1. Kirchliche Philosophie-Kritik

Stellungnahmen, die die offizielle Position der römisch-katholischen Kirche hinsichtlich der laufenden internationalen Debatte über das Thema „Geschlecht“ zum Ausdruck bringen, und die nicht nur kirchenintern, sondern – über verschiedene Medien – auch öffentlich bekannt gemacht wurden, formulierten u. a. die Forderung: „Wir brauchen eine neue Theologie der Frau“. Mitunter hatte diese Forderung auch die Form, dass es auf der Basis der kirchlichen Lehre einen „neuen Feminismus“ zu entwickeln gelte, der sich von der feministischen Theoriebildung der letzten Jahrzehnte entschieden absetzt. Ausgangspunkt dieser Forderung ist offenkundig die Auffassung, die von der „neuen Frauenbewegung“ initiierte Theoriebildung laufe letztlich auf eine „Vermännlichung der Frau“ hinaus und negiere die Bedeutung der Familie. In diesem Zusammenhang wird häufig auch jegliche Verwendung des Begriffs „gender“ als mit der katholischen Lehre inkompatibel bezeichnet; bischöfliche Autoren äußerten sich mehrfach abfällig über ein Denken, das sie „Genderismus“ nennen. Als ein theologisch fundiertes Programm wird dagegen oft die Fokussierung der „Würde der Frau“ dargestellt. – Auf diese Argumentationslinie nehmen die folgenden Ausführungen Bezug, wobei die Aufmerksamkeit darauf gerichtet ist, wie die amtskirchliche Position öffentlich – d. h., gläubigen und nicht-gläubigen Laien gegenüber – präsentiert wird.
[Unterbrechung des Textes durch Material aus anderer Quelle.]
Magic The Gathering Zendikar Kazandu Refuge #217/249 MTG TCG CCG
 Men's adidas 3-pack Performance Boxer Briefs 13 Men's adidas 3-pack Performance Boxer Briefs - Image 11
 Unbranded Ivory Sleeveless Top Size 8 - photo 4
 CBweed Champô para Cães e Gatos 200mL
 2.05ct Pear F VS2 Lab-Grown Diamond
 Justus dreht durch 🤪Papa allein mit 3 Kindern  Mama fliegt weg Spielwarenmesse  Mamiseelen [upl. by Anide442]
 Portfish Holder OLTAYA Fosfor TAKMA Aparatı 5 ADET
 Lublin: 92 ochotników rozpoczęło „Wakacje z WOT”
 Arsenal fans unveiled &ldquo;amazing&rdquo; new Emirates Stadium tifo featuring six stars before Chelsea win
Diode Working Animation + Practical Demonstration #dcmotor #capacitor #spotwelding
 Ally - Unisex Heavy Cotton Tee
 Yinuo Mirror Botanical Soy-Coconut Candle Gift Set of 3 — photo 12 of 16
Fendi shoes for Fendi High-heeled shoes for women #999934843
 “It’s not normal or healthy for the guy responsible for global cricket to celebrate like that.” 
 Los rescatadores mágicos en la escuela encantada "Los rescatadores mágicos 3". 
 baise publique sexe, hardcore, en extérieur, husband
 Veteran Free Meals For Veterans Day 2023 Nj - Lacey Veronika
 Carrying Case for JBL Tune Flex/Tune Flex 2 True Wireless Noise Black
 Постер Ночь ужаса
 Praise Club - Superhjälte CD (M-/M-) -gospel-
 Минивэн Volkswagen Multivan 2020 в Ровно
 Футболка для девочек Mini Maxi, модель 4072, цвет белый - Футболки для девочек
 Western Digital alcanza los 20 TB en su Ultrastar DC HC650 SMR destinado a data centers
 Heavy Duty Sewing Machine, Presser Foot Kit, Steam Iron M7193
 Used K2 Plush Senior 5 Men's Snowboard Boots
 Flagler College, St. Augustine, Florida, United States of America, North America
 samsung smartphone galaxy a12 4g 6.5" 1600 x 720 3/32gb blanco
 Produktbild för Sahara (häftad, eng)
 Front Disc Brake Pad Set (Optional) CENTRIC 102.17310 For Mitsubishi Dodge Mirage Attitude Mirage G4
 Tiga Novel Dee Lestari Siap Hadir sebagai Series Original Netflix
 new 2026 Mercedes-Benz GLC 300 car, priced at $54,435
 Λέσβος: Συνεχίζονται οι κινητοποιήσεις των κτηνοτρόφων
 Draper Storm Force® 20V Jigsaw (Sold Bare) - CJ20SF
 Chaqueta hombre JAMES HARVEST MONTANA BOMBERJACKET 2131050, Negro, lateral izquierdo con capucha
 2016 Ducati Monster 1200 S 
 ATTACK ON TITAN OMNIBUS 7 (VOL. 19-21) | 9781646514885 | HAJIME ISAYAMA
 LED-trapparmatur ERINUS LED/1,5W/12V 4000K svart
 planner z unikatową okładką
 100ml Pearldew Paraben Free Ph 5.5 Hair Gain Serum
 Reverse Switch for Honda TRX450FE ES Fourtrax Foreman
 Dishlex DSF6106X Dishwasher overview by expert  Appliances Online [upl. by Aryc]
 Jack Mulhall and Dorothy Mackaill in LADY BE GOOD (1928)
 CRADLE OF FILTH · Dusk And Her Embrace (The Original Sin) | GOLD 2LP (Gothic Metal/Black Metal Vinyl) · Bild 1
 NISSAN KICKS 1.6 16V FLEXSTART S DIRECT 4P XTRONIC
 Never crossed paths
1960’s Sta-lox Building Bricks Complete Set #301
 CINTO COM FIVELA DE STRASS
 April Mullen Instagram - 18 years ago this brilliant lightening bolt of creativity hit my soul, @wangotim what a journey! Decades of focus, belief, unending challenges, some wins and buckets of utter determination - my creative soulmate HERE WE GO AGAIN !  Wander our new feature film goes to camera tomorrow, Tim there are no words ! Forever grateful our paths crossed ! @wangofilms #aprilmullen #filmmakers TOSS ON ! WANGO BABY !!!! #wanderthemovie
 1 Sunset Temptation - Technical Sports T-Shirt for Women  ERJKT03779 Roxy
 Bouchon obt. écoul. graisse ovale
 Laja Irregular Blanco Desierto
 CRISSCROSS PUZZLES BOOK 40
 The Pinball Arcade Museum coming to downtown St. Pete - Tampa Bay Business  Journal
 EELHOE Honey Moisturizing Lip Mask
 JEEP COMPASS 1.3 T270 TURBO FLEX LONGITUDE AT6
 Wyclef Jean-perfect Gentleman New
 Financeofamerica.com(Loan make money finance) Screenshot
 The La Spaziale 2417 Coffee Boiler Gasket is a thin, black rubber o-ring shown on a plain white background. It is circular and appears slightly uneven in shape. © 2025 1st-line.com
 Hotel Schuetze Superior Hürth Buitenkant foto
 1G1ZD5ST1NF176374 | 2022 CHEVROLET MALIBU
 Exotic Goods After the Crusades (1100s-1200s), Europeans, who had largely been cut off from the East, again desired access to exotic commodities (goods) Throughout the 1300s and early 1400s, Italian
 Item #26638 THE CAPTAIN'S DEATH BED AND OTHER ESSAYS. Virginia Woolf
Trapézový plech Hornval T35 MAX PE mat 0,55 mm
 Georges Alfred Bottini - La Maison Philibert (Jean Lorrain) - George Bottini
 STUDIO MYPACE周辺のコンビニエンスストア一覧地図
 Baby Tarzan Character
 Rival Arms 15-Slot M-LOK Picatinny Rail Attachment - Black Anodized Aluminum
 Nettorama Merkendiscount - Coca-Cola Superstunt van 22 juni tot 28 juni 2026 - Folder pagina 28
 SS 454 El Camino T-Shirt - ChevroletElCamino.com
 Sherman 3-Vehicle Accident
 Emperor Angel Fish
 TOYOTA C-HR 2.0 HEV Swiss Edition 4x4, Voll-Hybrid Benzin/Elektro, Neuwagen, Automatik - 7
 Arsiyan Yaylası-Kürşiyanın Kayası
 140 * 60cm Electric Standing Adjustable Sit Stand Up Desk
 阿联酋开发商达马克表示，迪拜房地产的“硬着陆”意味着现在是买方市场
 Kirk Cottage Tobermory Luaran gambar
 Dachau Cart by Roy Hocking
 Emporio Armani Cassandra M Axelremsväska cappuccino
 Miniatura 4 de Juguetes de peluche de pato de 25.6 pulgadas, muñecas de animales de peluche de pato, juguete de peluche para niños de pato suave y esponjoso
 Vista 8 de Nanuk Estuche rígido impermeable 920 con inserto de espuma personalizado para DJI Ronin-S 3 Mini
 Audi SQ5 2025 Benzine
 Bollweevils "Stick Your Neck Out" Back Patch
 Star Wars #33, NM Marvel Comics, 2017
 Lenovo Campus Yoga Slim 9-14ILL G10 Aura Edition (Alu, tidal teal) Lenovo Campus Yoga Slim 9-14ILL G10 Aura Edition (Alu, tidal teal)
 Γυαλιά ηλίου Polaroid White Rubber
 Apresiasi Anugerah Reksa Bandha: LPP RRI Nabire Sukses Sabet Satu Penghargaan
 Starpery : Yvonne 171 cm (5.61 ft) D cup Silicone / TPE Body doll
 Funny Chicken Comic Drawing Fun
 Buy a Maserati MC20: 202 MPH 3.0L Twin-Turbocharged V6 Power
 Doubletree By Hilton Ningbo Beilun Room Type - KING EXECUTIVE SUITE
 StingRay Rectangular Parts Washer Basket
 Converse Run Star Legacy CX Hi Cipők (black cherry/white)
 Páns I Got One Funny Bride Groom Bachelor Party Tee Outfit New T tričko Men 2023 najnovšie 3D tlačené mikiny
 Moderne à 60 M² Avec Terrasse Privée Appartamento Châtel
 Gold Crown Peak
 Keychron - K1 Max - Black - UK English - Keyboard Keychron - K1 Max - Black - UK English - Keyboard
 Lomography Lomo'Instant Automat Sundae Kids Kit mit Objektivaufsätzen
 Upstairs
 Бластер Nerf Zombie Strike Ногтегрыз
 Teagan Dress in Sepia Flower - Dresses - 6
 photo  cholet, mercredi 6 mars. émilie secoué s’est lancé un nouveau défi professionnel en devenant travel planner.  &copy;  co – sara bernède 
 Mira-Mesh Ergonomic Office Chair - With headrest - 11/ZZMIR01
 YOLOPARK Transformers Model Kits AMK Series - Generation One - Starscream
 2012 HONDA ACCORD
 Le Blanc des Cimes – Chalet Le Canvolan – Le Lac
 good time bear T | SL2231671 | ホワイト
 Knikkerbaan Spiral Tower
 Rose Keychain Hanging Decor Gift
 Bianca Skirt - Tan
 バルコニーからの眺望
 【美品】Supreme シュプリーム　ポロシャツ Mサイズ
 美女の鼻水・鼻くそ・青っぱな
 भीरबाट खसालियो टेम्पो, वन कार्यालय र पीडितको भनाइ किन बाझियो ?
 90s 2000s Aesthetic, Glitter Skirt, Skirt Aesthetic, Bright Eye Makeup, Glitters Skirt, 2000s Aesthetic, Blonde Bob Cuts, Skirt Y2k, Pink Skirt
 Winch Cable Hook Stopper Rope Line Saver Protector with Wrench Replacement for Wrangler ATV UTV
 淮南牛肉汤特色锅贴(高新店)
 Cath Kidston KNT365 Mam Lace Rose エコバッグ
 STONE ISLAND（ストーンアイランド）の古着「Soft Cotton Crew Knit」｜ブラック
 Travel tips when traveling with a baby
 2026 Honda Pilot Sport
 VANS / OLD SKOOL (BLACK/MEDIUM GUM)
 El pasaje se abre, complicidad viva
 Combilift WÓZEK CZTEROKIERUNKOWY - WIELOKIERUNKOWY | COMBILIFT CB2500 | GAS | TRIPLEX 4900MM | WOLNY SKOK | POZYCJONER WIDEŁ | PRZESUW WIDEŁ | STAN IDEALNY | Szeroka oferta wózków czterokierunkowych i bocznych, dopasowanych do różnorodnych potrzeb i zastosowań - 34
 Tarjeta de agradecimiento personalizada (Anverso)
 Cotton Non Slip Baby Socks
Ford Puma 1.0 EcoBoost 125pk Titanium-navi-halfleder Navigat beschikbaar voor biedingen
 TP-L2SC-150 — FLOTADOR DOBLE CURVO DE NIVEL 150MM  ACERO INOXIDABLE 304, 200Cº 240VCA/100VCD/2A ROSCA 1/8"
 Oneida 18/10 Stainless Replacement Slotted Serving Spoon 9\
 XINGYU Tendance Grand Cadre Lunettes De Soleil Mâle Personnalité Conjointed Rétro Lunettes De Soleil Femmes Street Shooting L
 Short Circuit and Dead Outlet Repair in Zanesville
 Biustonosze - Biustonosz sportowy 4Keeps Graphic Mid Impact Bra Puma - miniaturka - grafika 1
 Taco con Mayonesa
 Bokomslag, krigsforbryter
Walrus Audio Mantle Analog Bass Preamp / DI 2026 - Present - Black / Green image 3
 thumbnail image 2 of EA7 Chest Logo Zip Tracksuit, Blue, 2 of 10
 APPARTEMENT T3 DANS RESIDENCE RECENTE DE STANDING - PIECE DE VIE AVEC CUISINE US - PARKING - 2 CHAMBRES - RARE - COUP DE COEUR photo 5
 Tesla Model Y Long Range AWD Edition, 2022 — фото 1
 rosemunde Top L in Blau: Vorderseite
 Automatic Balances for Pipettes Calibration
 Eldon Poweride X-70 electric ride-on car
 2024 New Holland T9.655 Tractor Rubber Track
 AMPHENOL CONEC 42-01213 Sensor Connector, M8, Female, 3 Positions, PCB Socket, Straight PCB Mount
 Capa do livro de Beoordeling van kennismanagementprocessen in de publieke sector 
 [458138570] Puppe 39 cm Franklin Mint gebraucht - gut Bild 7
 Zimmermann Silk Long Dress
Der akademische theologische Fachdiskurs zum Thema „Geschlecht“ stellt sich insofern anders dar, als er von einer Pluralität der Stimmen geprägt ist und dadurch ein facettenreiches Bild bietet, welches nicht einfach auf das eben skizzierte Argumentationsprofil reduzierbar ist; doch sind kircheninterne Spannungen hier nicht Thema. Die Intention des Folgenden geht vielmehr dahin, die extern verlautbarte – mit dem Anspruch auf Verbindlichkeit vorgetragene – kirchliche Positionierung aus philosophischer Perspektive zu betrachten.

Forderungen und kritische Kommentare der dargestellten Art greifen offenkundig über die Sphäre des innerkirchlichen Diskurses hinaus, nehmen sie doch Bezug auf Konzeptionen, deren Ausdifferenzierung in den letzten Jahrzehnten ein breiter internationaler Diskurs auch im nicht-theologischen Forschungsraum gewidmet war: Begriffe wie „Frau“, „Geschlecht“ und „Würde“. In diesem Diskurs hat sich eine philosophische Herangehensweise als maßgeblich erwiesen, was nicht zuletzt daran liegt, dass – wie Kant einsichtig machte – die Frage „Was ist der Mensch?“ den Leitfaden philosophischer Forschung bildet. Das heißt, die zitierte von kirchlichen Autoritäten geäußerte Kritik stellt, auch wenn dies oft nicht explizit geschieht, eine Beziehung zwischen kirchlicher Lehre und Philosophie her. Dieser Beziehung soll hier aus zwei Blickrichtungen näher nachgegangen werden: Zu sondieren ist zum einen, wie weit diese Kritik ihre Adressaten überhaupt trifft, und zum anderen, ob Differenzierungen der zeitgenössischen philosophischen Debatte als Anstoß für eine Re-Lektüre religiöser Kernkonzeptionen wirken könnten.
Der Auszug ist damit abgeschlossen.